In mice, reportedly these kinds of partial reprogramming methods can in certain cases lead to the desired partial reprogramming apparently without teratoma or other tumor formation, but it’s tricky. Sometimes teratoma were formed in related studies. Also, what works in mice often doesn’t in people. The biggest worry about the new trial is still that patients could get cancers or benign teratomas in their eyes, which would be catastrophic in either case.

Notably, such outcomes in the eye are at least much more likely to be self‑contained (and can be more readily monitored). Partial reprogramming of internal organs like the diseased or aging liver, kidney, heart, etc. is a much bigger challenge (plus cells cannot be easily monitored) and has more risks.

The partial reprogramming in human eyes or other tissues needs to be incredibly precise. I feel like what needs to happen in the ER‑100 trial participants is hitting a tiny bull’s‑eye with a bazooka. Even if it’s more like a precise laser and it’s just transient OSK, the tool could overwhelm the target tissue and miss the hoped‑for outcome.

You don’t even have to accidentally make some iPS cells to have troubles. Reprogramming that’s not quite right could still form various tumors. Even without generating obvious tumors, OSK pulses could lead to other, unpredictable and harmful changes in cells or other areas of eye tissue.

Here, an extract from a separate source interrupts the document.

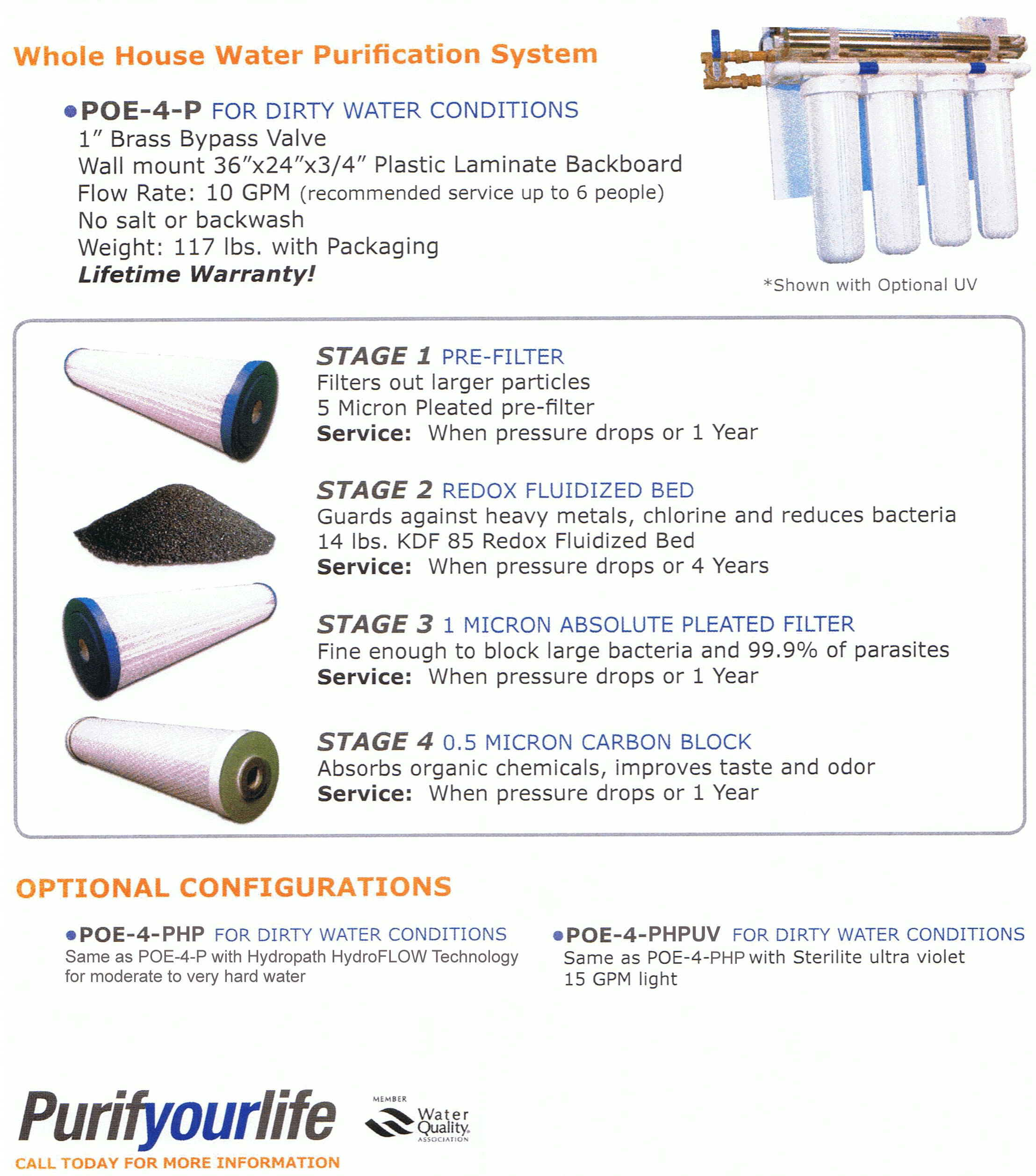 Aqua Vantage POE-4P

The other thing about the ER‑100 approach is that it’s not actually treating the health condition in the eye directly. It’s turning on complex gene‑expression programs in surviving cells that are hoped to make younger cells in the affected area, which in turn might spur regeneration—or problems. There are a series of events that have to happen just right.


Is it time for a trial?

With all of this in mind, are there enough preliminary data to warrant a human clinical trial?

It’s unclear.

Mouse research has been published, but the non‑human primate work (which also apparently was fairly encouraging as reported at meetings) appears not to have been published.

Presumably, FDA reviewers, who reportedly recently allowed the IND to clear for the trial, have seen all of it though and felt okay about it. With today’s FDA, I have to say I feel less sure about the top leadership than the experienced reviewers who go over IND applications. The reviewers are generally outstanding and much more data‑focused. However, leadership can pressure or overrule reviewers. I’m not saying that happened here at all, but today’s FDA just seems less predictable.

I asked well‑known stem‑cell biologist Jeanne Loring for her thoughts on the trial:

“Reprogramming factors are very potent, and we don’t know how much expression leads to making cells tumorigenic. It is well known that the inducible systems are leaky—never fully silenced, so my concern is that this treatment is likely to be unsafe and cause tumors.”

I tend to agree with Jeanne on this.


Broader perspectives

Beyond Life Biosciences, there are also a growing number of other biotechs in this space. I wrote about Shift Biosciences and their molecule SB000, whatever that is. Other biotechs are hoping to set similar sets of dominoes in motion via their own approaches to partial in vivo reprogramming.

As a stem‑cell biologist, I find reprogramming of all kinds, especially to try to treat diseases, fascinating. We just have to keep it real. A lot can go wrong.